Dr. John Emil Halver III, world-renowned scientist, passed away suddenly and peacefully on Oct. 24, 2012. A Celebration of Life will be held on Saturday, Nov. 10, at 1:30 p.m. at Bothell United Methodist Church, 18515 92nd Ave. N.E., Bothell, Wash.
He was born April 21, 1922.
Dr. Halver was married to Jane Loren of Tacoma, Wash., his bride for over 68 years, and together they have five children, 12 grandchildren and four great-grandchildren. Throughout the years, John and Jane also opened their home to numerous international students.
Dr. Halver was an eminent nutritional biochemist who was honored as “One of the Leading Scientists of the World” in 2005, for a lifetime of research in nutritional biochemistry, by the International Biographical Center in Cambridge, England. At the time of his death at age 90, he was still actively lecturing and consulting around the world.
A devout, lifelong Christian, John spent his life confirming his belief that “There is no conflict between science and theology. Science is pursuing truth, and God is the author of Truth.”
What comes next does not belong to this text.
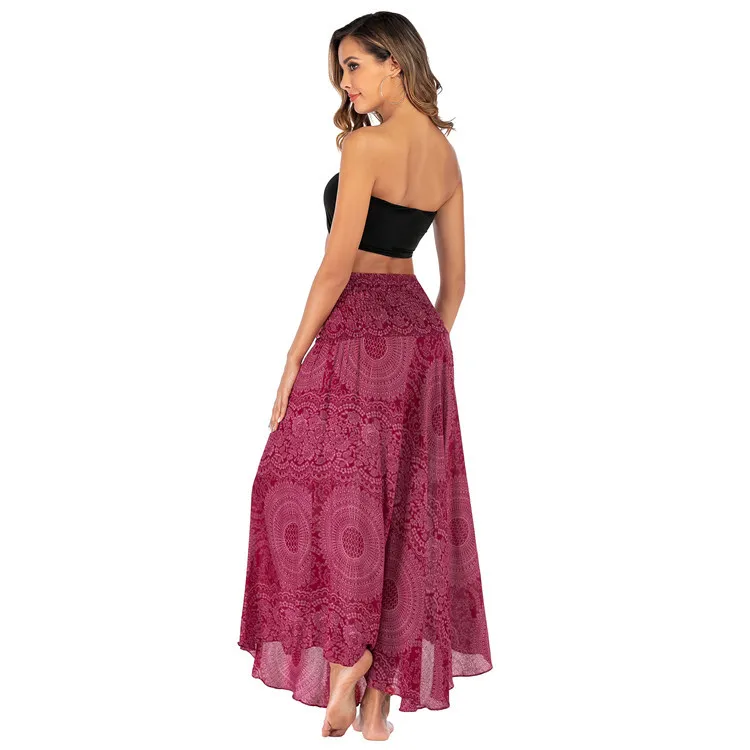 Ethnic Style Fashion Skirts Women Clothes Roupas Saia Bottom Skirt Woman Long Jupe Bohemian Boho Flowers Elastic Waist Faldas Ethnic Style Fashion Skirts Women Clothes Roupas Saia Bottom Skirt Woman Long Jupe Bohemian Boho Flowers Elastic Waist Faldas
John Halver received a Bachelor of Science degree in chemistry from Washington State College in 1944. He then was called to active duty in Europe with the U.S. Army as an infantry officer, returning from World War II as a captain and a decorated soldier, having earned a Bronze Star with Oak Leaf Cluster, Purple Heart, American Theatre Service Medal, European African Middle Eastern Service Medal with 2 Bronze Stars, World War II Victory Medal, Army of Occupation (Germany), Combat Infantry Badge, and the Croix d Honneur from France. Later he also received the Citoyen d’Honneur from France.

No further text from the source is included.